# [Available data]
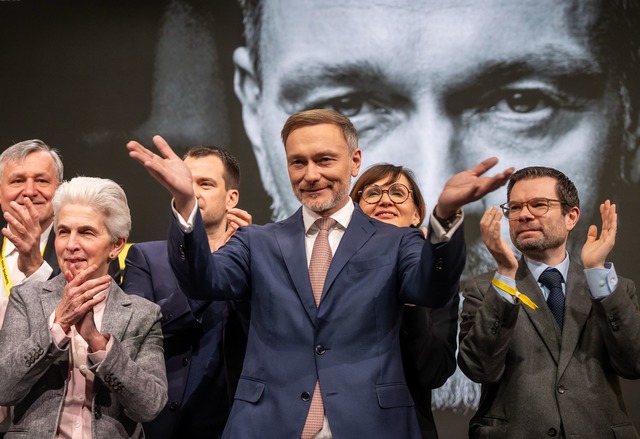 Der Vorsitzende im Mittelpunkt: Christian Lindner auf dem FDP-Parteitag  | Foto: Michael Kappeler/dpa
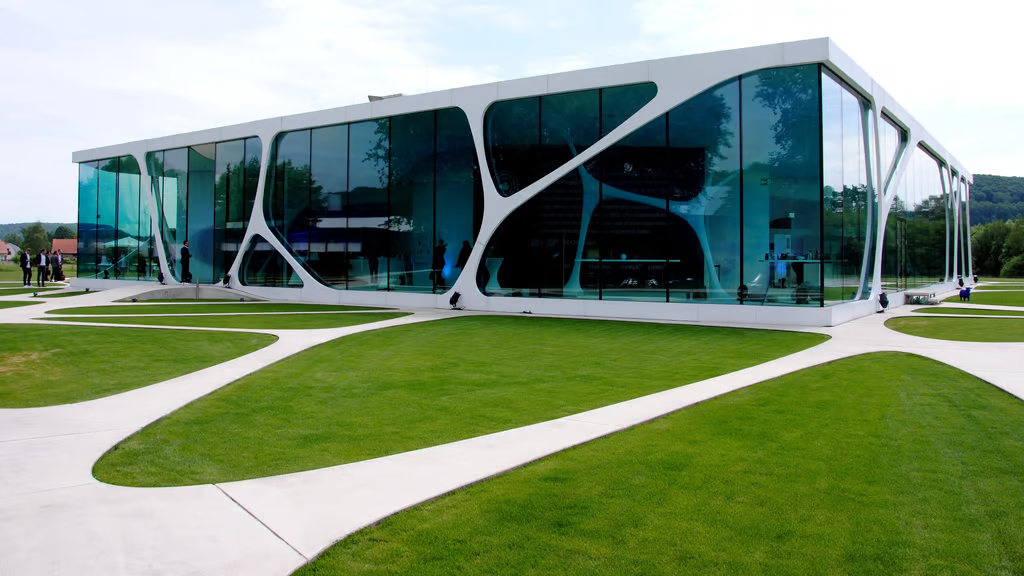 Leonardo Firmenzentrale Bad Driburg Büro / Lager / Showroom ca. 24.000 m2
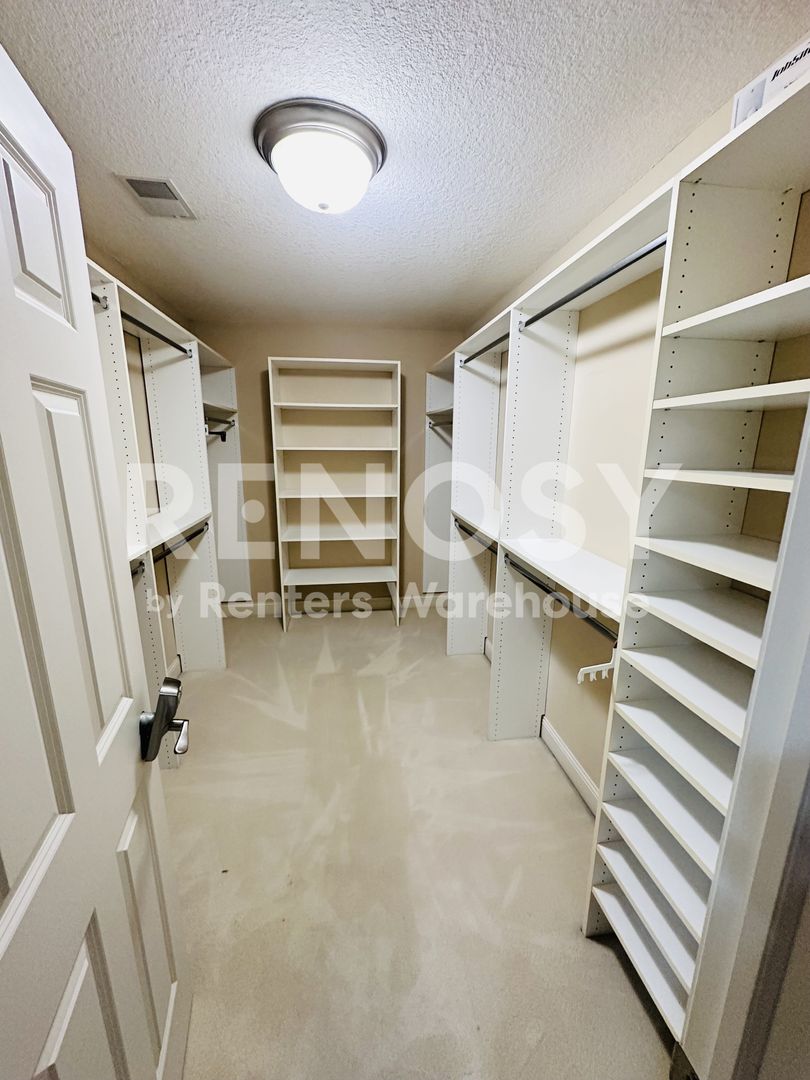 Marketplace Property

# [About this exercise]
Print the whole listing exactly, please, and keep any images out of it.

# [Result of this exercise]
 Der Vorsitzende im Mittelpunkt: Christian Lindner auf dem FDP-Parteitag  | Foto: Michael Kappeler/dpa
 Leonardo Firmenzentrale Bad Driburg Büro / Lager / Showroom ca. 24.000 m2
 Marketplace Property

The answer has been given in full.